§ Directions for this task:
Your copy of the entries below should hold exactly the lines from the one containing "Angelina Love Naken Läckta Foto #14" to the one containing "ハリアー(トヨタ)Z中古車 26", inclusive, and no pictures.
(Data shown begins)
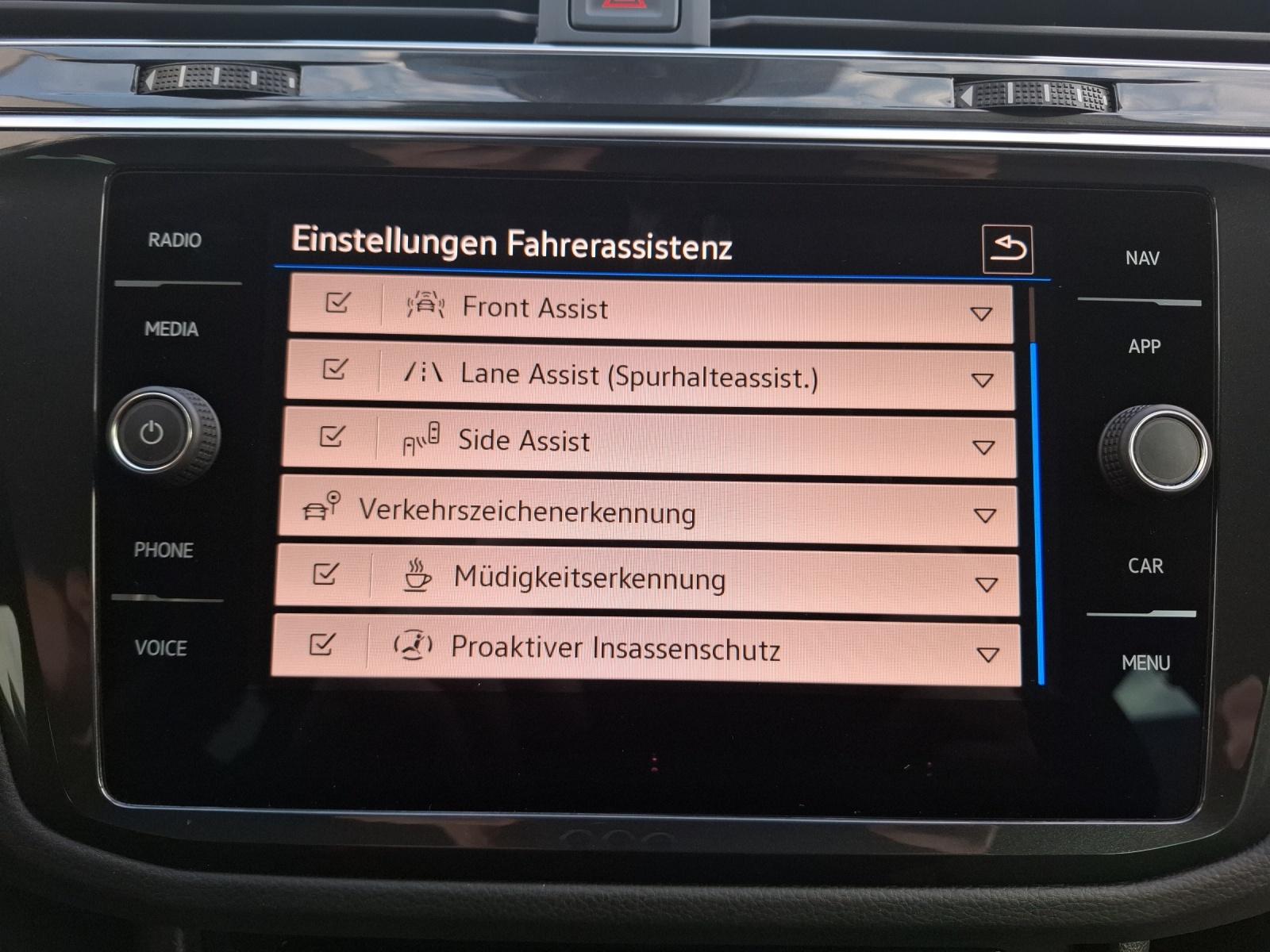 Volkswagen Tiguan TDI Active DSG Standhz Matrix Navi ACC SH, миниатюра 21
(Data shown ends)
(Data shown begins)
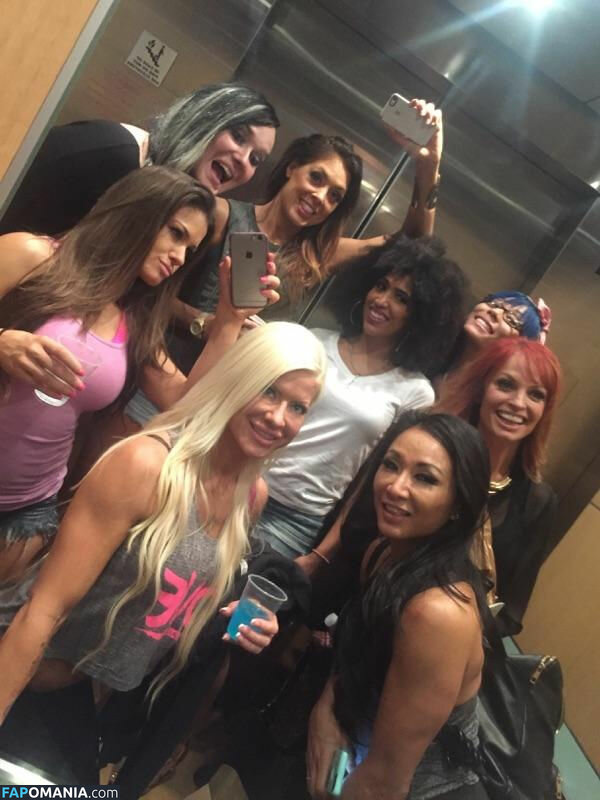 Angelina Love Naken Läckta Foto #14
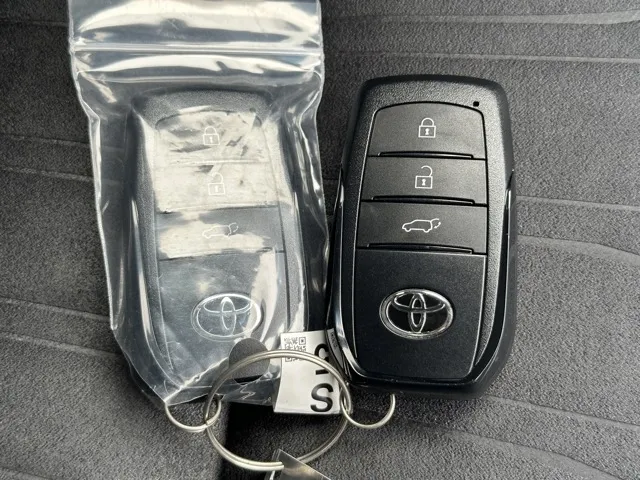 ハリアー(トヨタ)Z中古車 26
(Data shown ends)
(Data shown begins)
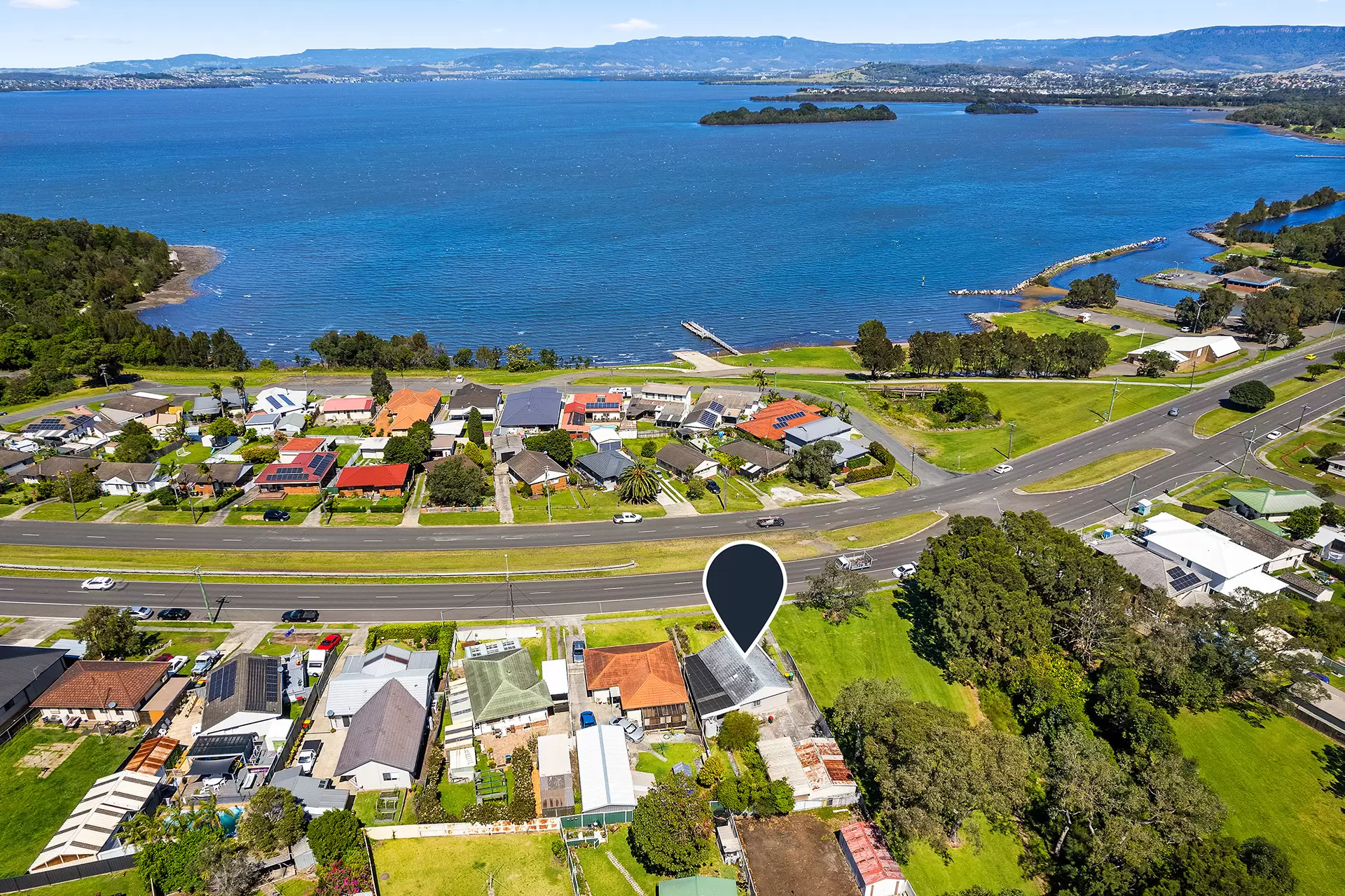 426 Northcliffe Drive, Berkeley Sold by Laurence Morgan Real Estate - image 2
(Data shown ends)
§ Worked solution:
 Angelina Love Naken Läckta Foto #14
 ハリアー(トヨタ)Z中古車 26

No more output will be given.